= Beginning of Section =

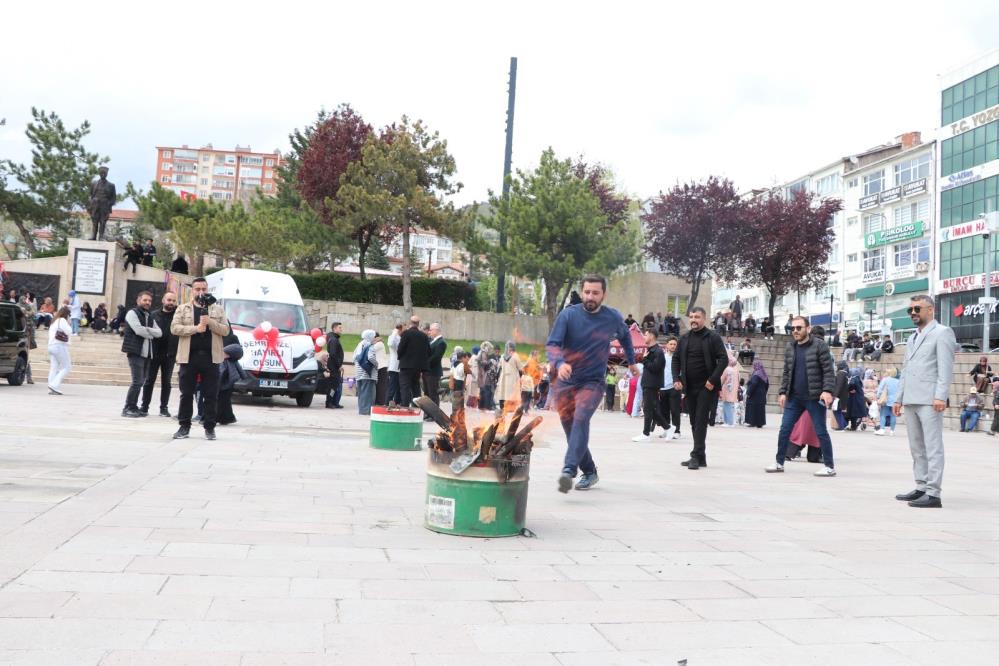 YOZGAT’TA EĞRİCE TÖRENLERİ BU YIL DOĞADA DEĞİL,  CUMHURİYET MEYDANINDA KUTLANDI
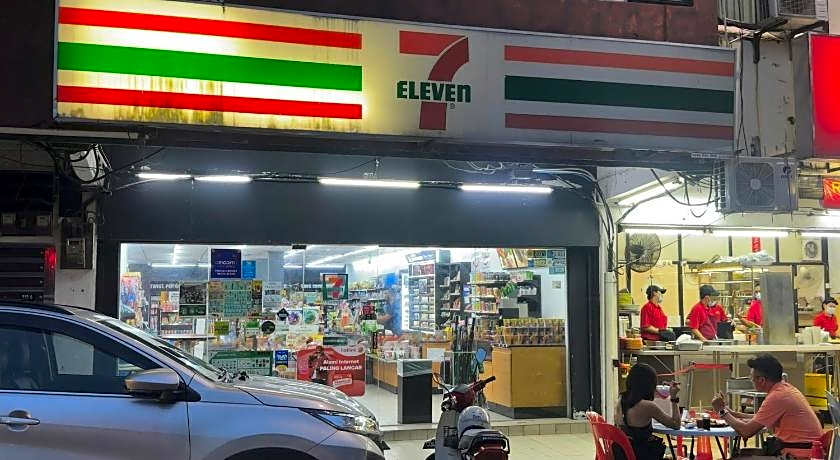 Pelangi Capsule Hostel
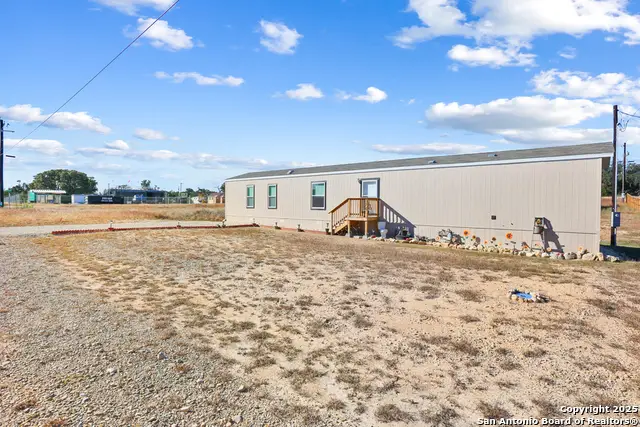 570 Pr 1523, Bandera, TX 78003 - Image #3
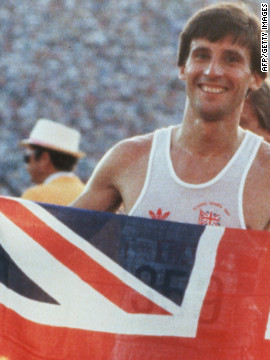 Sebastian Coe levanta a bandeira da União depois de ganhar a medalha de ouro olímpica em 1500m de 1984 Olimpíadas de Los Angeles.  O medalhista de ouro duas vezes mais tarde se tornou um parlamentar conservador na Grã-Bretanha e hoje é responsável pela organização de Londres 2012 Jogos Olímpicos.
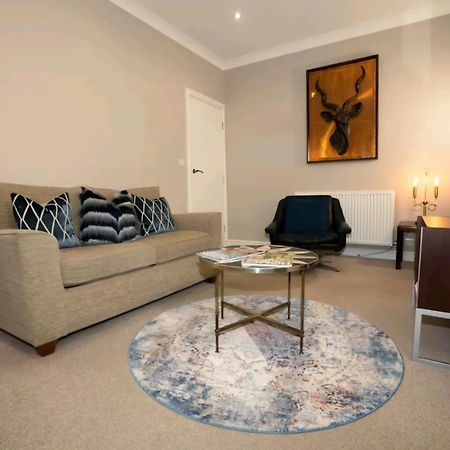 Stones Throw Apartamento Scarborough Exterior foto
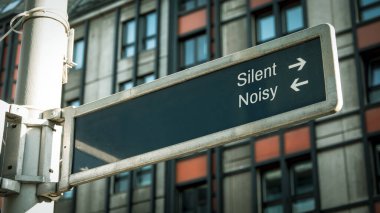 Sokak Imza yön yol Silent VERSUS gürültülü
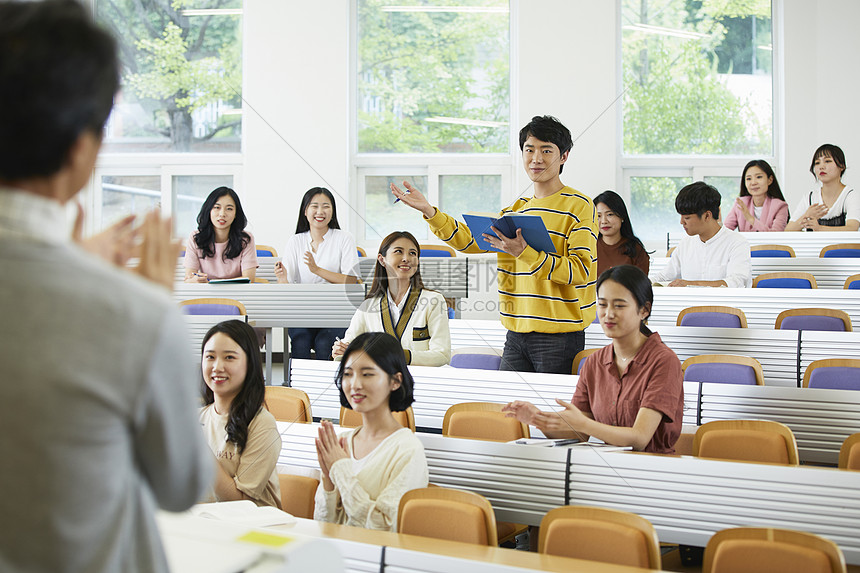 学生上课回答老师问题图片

= End of Section =

> WORK TO BE COMPLETED
The line containing "570 Pr 1523, Bandera, TX 78003 - Image #3" and all lines after it, through the last line of the records, should be returned exactly. Omit the pictures.

> COMPLETED EXERCISE
 570 Pr 1523, Bandera, TX 78003 - Image #3
 Sebastian Coe levanta a bandeira da União depois de ganhar a medalha de ouro olímpica em 1500m de 1984 Olimpíadas de Los Angeles.  O medalhista de ouro duas vezes mais tarde se tornou um parlamentar conservador na Grã-Bretanha e hoje é responsável pela organização de Londres 2012 Jogos Olímpicos.
 Stones Throw Apartamento Scarborough Exterior foto
 Sokak Imza yön yol Silent VERSUS gürültülü
 学生上课回答老师问题图片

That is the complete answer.